§ Record set:
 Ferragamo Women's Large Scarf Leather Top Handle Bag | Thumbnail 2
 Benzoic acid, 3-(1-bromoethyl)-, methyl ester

==

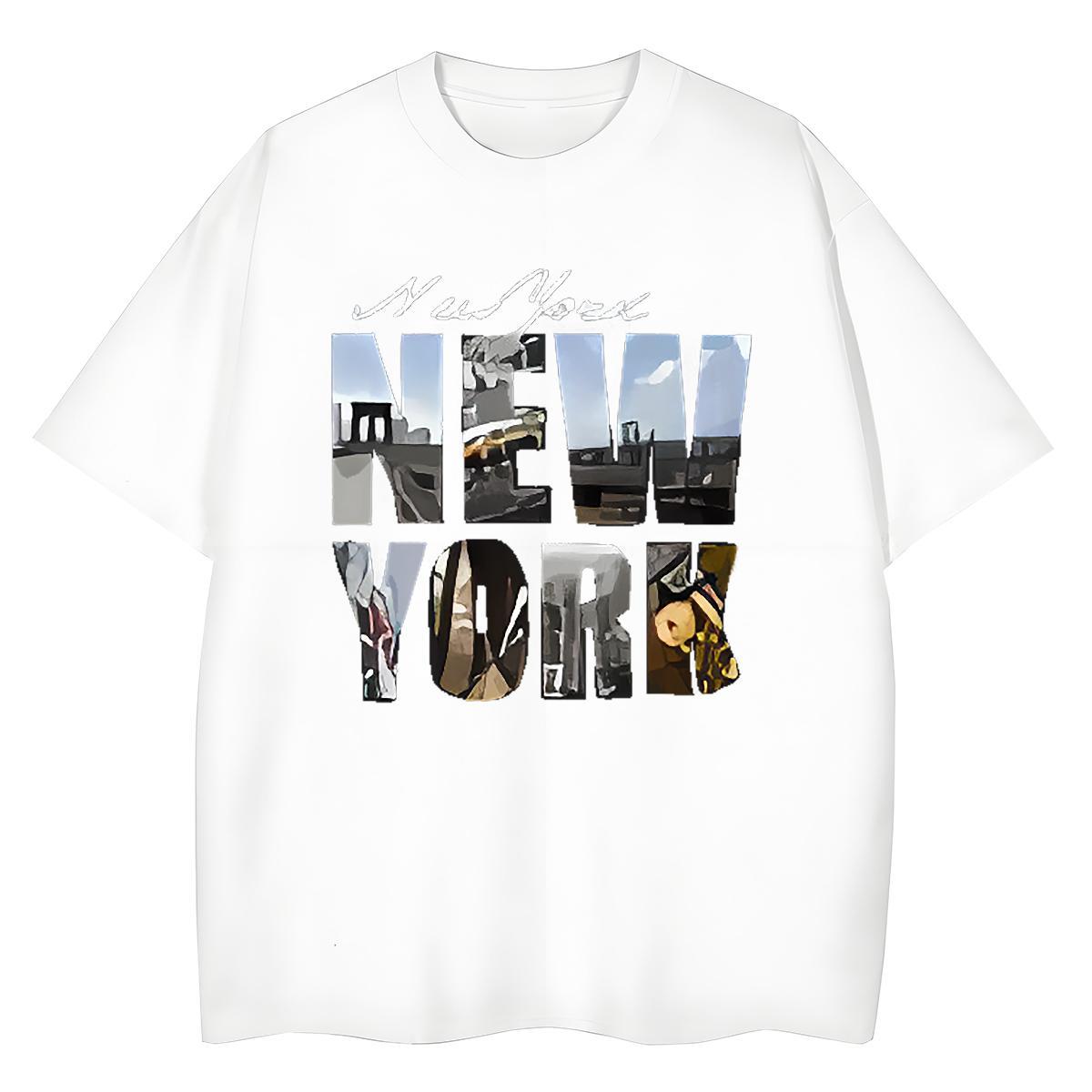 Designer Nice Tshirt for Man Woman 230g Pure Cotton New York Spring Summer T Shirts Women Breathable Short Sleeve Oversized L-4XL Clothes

§ What this task involves: Reproduce, word for word and in full, only the lines above that start at the line with "Ferragamo Women's Large" and run through the line with "Benzoic acid, 3-(1-bromoethyl)-, methyl", both ends included.

§ Result:
 Ferragamo Women's Large Scarf Leather Top Handle Bag | Thumbnail 2
 Benzoic acid, 3-(1-bromoethyl)-, methyl ester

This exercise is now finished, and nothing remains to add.